Required work: In your copy, leave out the pictures and reproduce the listing below exactly.

Information supplied:
┄┄┄┄┄┄┄┄┄┄┄┄┄┄┄┄┄┄┄┄

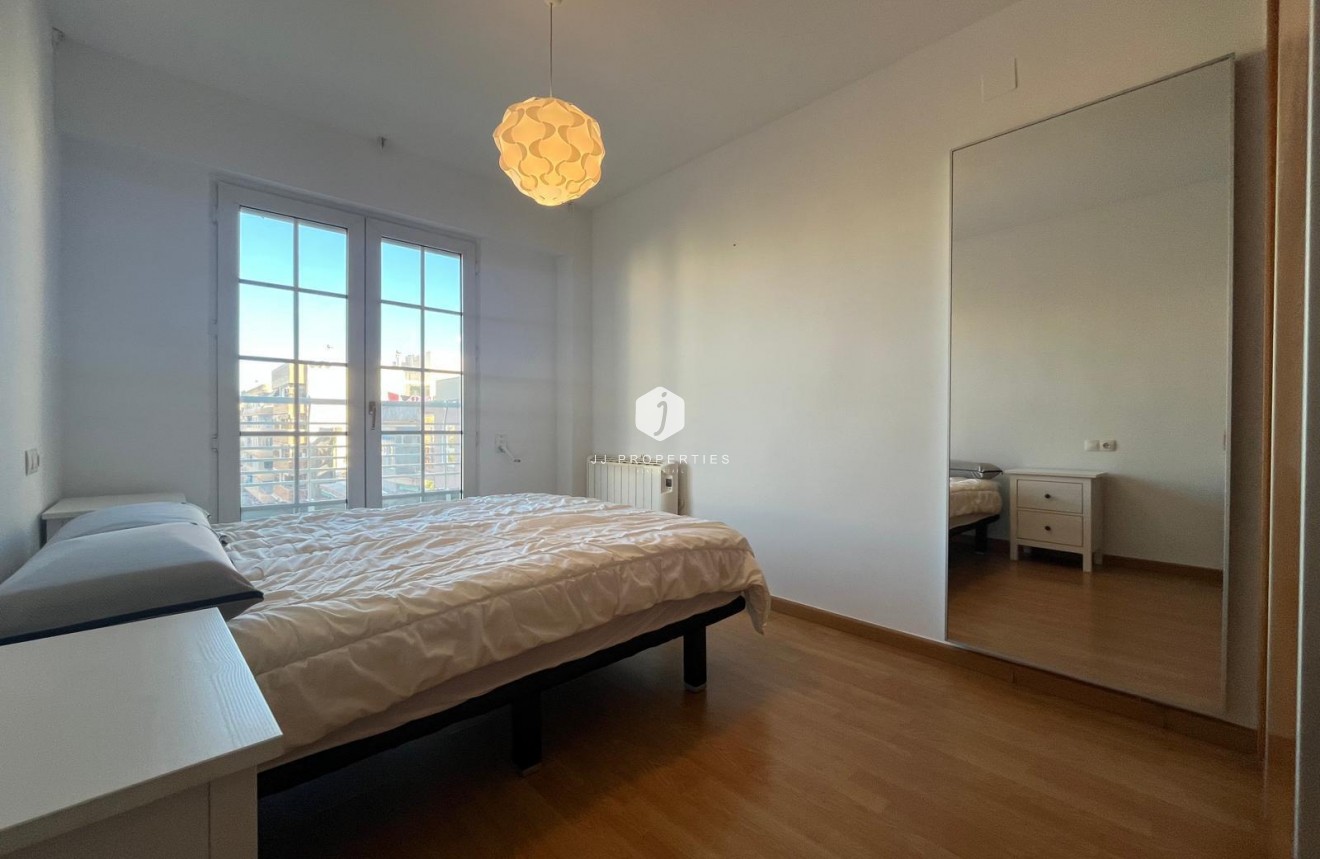 Z drugiej ręki - Mieszkanie w bloku -
Torrevieja - Centro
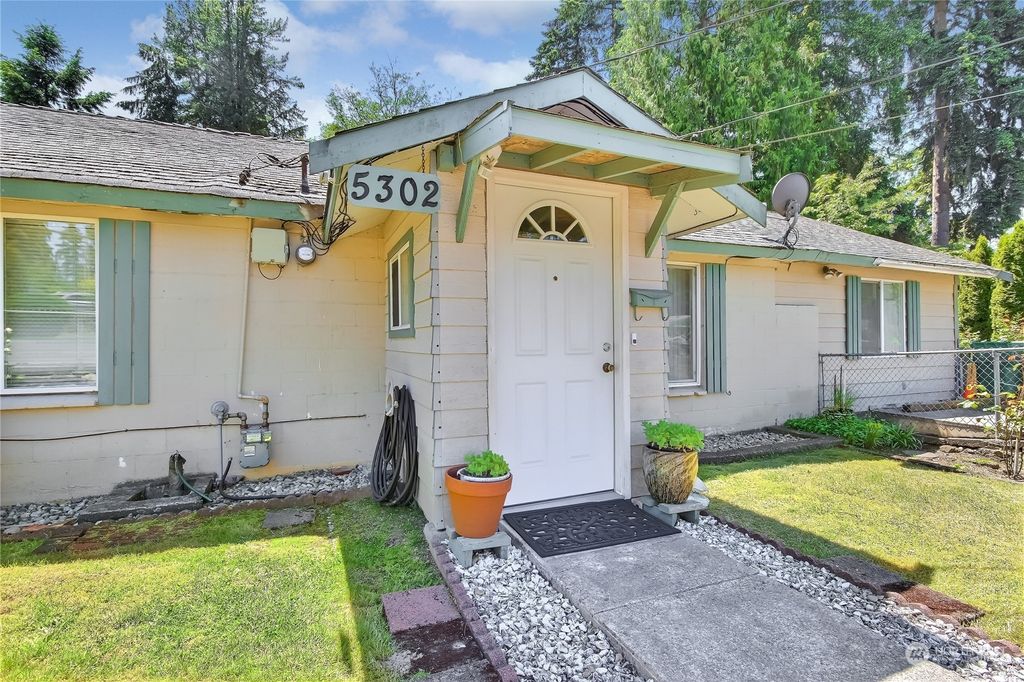 Photo of 5302 236th Street SW, Mountlake Terrace, WA 98043 (MLS # 2254131)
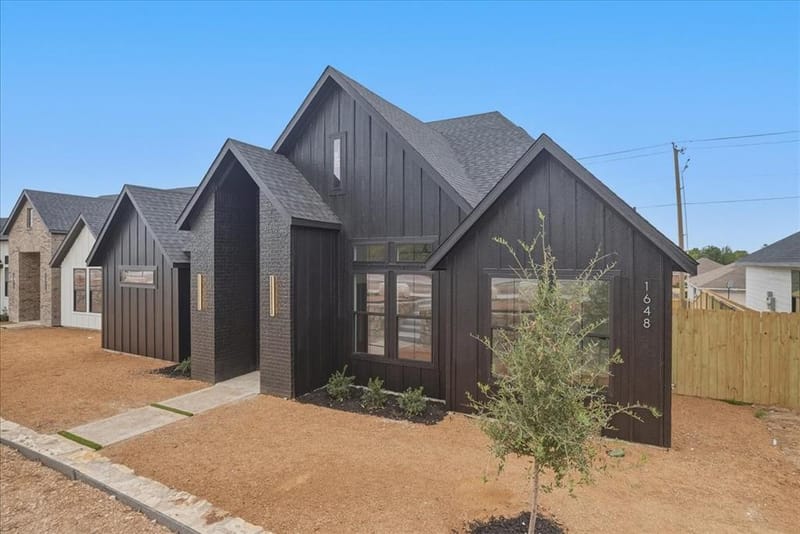 1648 W Wintergreen Road, Lancaster TX 75134 - Photo 4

┄┄┄┄┄┄┄┄┄┄┄┄┄┄┄┄┄┄┄┄

Completed task:
 Z drugiej ręki - Mieszkanie w bloku -
Torrevieja - Centro
 Photo of 5302 236th Street SW, Mountlake Terrace, WA 98043 (MLS # 2254131)
 1648 W Wintergreen Road, Lancaster TX 75134 - Photo 4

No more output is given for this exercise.